Have you filed rent escrow with your local court, but your landlord still hasn't made the repairs? Here's how to take the next step with the court.
After you start the rent escrow process with the court, your landlord might make the repairs you asked for. If your landlord makes the repairs, you can go to the court and sign a release form. This will allow the court to release your rent money to your landlord.
If your landlord doesn't make the repairs, your next step depends on your local court.
Go to mediation
Some courts will schedule a mediation to help you and your landlord work out a solution. Mediation is way to resolve the problem, without having a formal hearing or trial. You should attend the mediation and try to work out the issues with your landlord.
Some courts require that you file a motion with the court. If it's been 30 days since you filed and the repairs are not made, you should consider filing a motion with the court to take the next step.

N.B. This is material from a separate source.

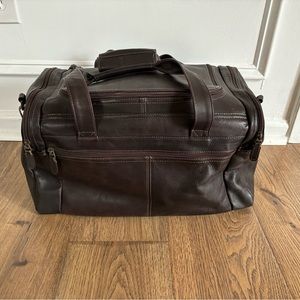 Mori 100% Genuine Leather Bag Duffel Bag Carry On EUC!!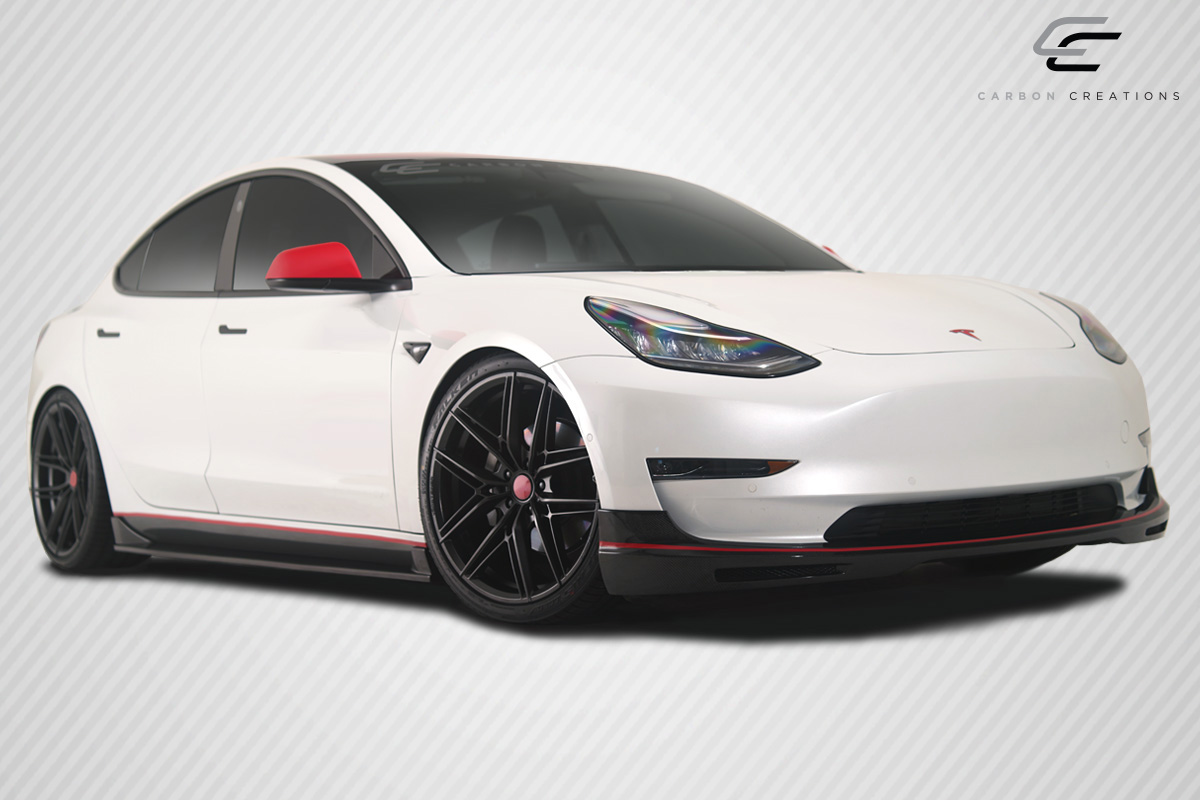 2018-2023 Tesla Model 3 Carbon Creations GT Concept Front Lip 1 Piece - Image 3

Ask the court to order repairs
File a motion with the court. A motion is a written request to the court. In your motion, you can ask the court to:
- Order the landlord to make the repairs
- Reduce your rent until the repairs are made
- Release the money in the rent escrow account to you so that you can make the repairs yourself
Watch your mail for filings from your landlord
Sometimes landlords will file a complaint asking for the rent money to be released to them. Watch your mail for notification that your landlord has filed their own complaint. If your landlord has filed a complaint of their own, you must file a written response, called an answer, in 28 days. This response should explain that the rent money is in escrow based on the problems in your home. If you don’t file an answer, the court can decide in your landlord’s favor, even if the repairs haven’t been made.
Go to your hearing
The court will schedule a hearing. The court will set a date for you and the landlord to explain your sides of the story to a judge or magistrate. You should bring evidence to back up your claims. Good examples of evidence that you could bring are:
- The letter you wrote to the landlord before you filed your rent with the court.
- Reports on the condition of your home from housing enforcement or the health department if you asked them for an inspection.
- Any photos that you have taken of the bad conditions. If you have the photos on your phone, print them out.
At the hearing, the court will listen to your story and your landlord's story. Then the judge or magistrate will make a decision to resolve the problem.